Although it might be easy to get the cart before the horse, so to speak, and think that Jesus is telling us that it is the doing of these things which gets us into Heaven. But in fact this passage is not putting forth this kind of works related righteousness. Jesus is not telling us how to earn our way to heaven, instead he is describing what a life lived in love with God, a life living out that love will look like. They are the mark of one who is sanctified. They are the outward signs of Christian perfection. This is what holy living looks like when lived out by God’s people. 
This is not a prescription of how to get to Heaven, feed three hungry people, take a cup of cold water to one who is thirsty and call me in the morning. This is a description of what a life lived completely and totally given over to God will look like; if you love Jesus. This is what a holy life looks like. When the people of God are living out God’s holiness in this world then, the hungry will be fed the thirsty will be quenched, the stranger will be welcomed, the naked will be clothed, the sick will be taken care of and the prisoner will be visited. Those who are in need around you will be provided for.

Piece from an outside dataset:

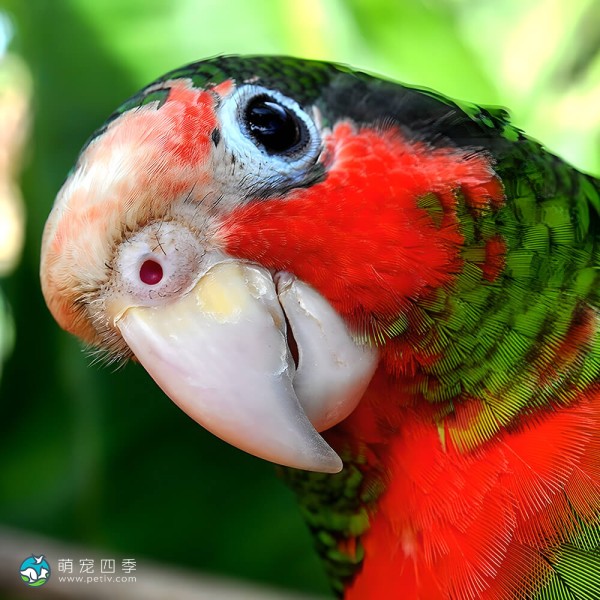 古巴亚马逊鹦鹉-11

You will live a life of compassion. You will love each and every person as if they themselves were God. You will speak to each person you meet as if they were Jesus Christ. Everyone you meet will be treated with the kindness, the respect, the love you would give if they were Jesus. You will honor everyone as if they were you king. When you love God, you will love your neighbor. When you love Jesus Christ you will love the outcast and the lonely. The love of God will be the hallmark of your life. When people encounter you they will encounter the love of God in you, because you are loving them as if they are God. This is what it means to be holy, to live out God’s holiness in your day to day life.
We love because God loves. We love because we believe. We love because our faith compels us to. We cannot love Jesus without loving those around us. We cannot be people of faith unless we are feeding the hungry, quenching the thirst of the thirsty, clothing the naked, welcoming the stranger, taking care of the sick and visiting those in prison, because that is what a life of faith will look like to one who is observing it from the outside. It will be a life marked by action, a life marked by love moving; a life marked by someone who cannot stand by and to allow those around them to suffer.
Our faith moves us in ways that will not allow suffering to continue to go on around us in this world. A true believer in Jesus Christ will not go unmoved when another is suffering. A true adherent to the faith cannot but help but be torn apart when someone around them is hurting. We, as follows of Christ will be forced into action by our faith and by our love for Jesus to mend the broken, and be balm to those who are hurting. The love of Christ compels us, moves us and transforms us in ways so that we are ruled by an over powering, outreaching love that will not stop until we have loved all those we touch and are moving to right the wrongs that Jesus himself came to this world to right.